Localization of Pmm1 signals in adult mouse brain. (A) The expression of Pmm1 in the adult cerebral cortex was uniformly distributed over the six cortical layers, with the exception of layer I showing only faint neuropil staining. Ependymal and glial cells of the white matter were mostly negative. (B) In adult cerebellum, striking Pmm1-positive signals are seen in the Purkinje cell layer, whereas the granule cell layer has fainter signals, and the molecular layer is almost devoid of staining. Staining of the molecular layer was confined to faint neuropil staining. In the Purkinje cells (panel C, arrowhead) intense signals were observed in the cell body cytoplasm. (D) In the hippocampus, Pmm1 is expressed in adult CA regions and dentate gyrus. (E) Detailed photographs show high Pmm1 reactivity in dentate gyrus granular cell bodies and polymorphic neurons and faint neuropil staining in the molecular layer. (F) In the olfactory bulb intense signals are observed in the glomerular layer and the layer of mitral cells. (G) In the glomerular layer, the body of the glomeruli is devoid of Pmm1 signal, whereas surrounding nerve endings are intensely labeled. (H) In the mitral cell layer especially, the cell bodies of the mitral cells are immunoreactive for the Pmm1 antibody. Abbreviations: CA, cornus ammonis; DCN, deep cerebellar nuclei; DG, dentate gyrus; EGL, external granular layer; G, glomerulus; GC, granular cells; IGL, internal granular layer; M, mitral cell; ML, molecular layer; PC, Purkinje cell; PN, polymorphic neuron. (Panels A to E were reprinted from the European Journal of Neuroscience, Fig. 2C and Fig. 3C, E, I, and K [7], with the permission of the publisher.)

FIG. 6.

Pmm1 immunoreactivity in adult mouse organs. (A) In the adult intestine Pmm1 signals are found in the mucosa, whereas the submucosa is almost devoid of Pmm1 signal.
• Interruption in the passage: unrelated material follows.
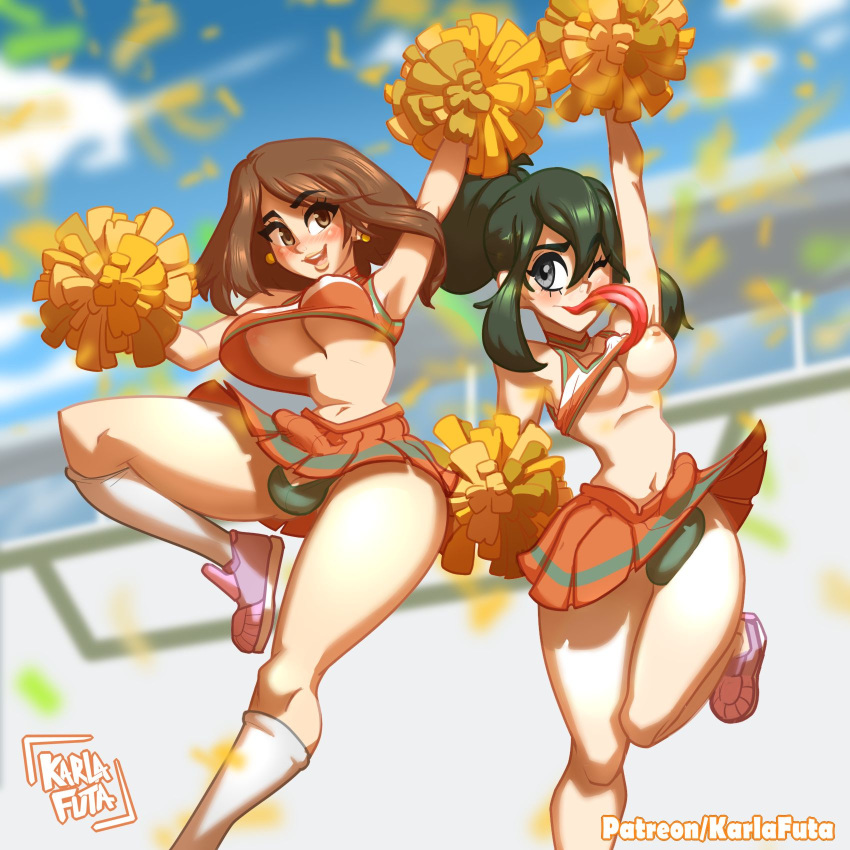 2futas balls_in_panties bimbo bulge cheerleader cheerleader_uniform cleavage clothing dickgirl futa_only futa_with_futa futanari futanari_cheerleader intersex k.ink_ink long_tongue my_hero_academia ochako_uraraka panties penis_under_skirt pom_poms skirt teenager tsuyu_asui u.a._cheerleader_outfit underboob wink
The Pmm1 signals are concentrated in the crypts, whereas in the villi Pmm1 the immunoreactivity is much less intense. (B) In the adrenal gland, especially the zona glomerulosa, cells show high immunoreactivity, whereas cells of the other layers are less intensely labeled. (C) In the seminiferous tubuli, spermatogonia are Pmm1 positive and not so much for the Sertoli and Leydig cells. (D) mRNA analysis reveals high signals in postmeiotic cells. (E and F) Strong cytoplasmic staining is seen in secondary follicles (E), and strong staining is obvious in the theca interna cells of the graafian follicles (F). Abbreviations: A, antrum; C, crypt; G, goblet cell; M, medulla; S, spermatogonium; SM, submucosa; St, spermatid; Ti, theca interna; ZF, zona fasciculate; ZG, zona glomerulosa; Zgr, zona granulosa; ZR, zona reticularis.

FIG. 7.

Pmm1 localization in pancreatic cell populations. (A) Pmm1 shows a high expression level in pancreatic islets. (B) Staining of the same section with antiglucagon reveals a partial overlap in the signals. (C and D) Double stainings with an anti-insulin antibody also reveals a colocalization with pancreatic β cells.

FIG. 8.

Hematoxylin-and-eosin-stained sagittal sections of brain structures from wild-type and Pmm1 knockout embryonic (A to F) or adult mice (G to L). The results indicate that the Pmm1 deficiency does not affect cerebral cortex (A, B, G, and H), cerebellar (C, D, I, and J), or hippocampal development (E, F, K, and L).

FIG. 9.

Western blot analysis of Pmm2 in adult wild-type and knockout brain. Blots of brain extracts (10 and 15 μg) were probed with affinity-purified anti-Pmm2 antibody (1:10,000) or with anti-β-actin antibody (1:5,000), showing identical levels of Pmm2 in wild-type and knockout brain.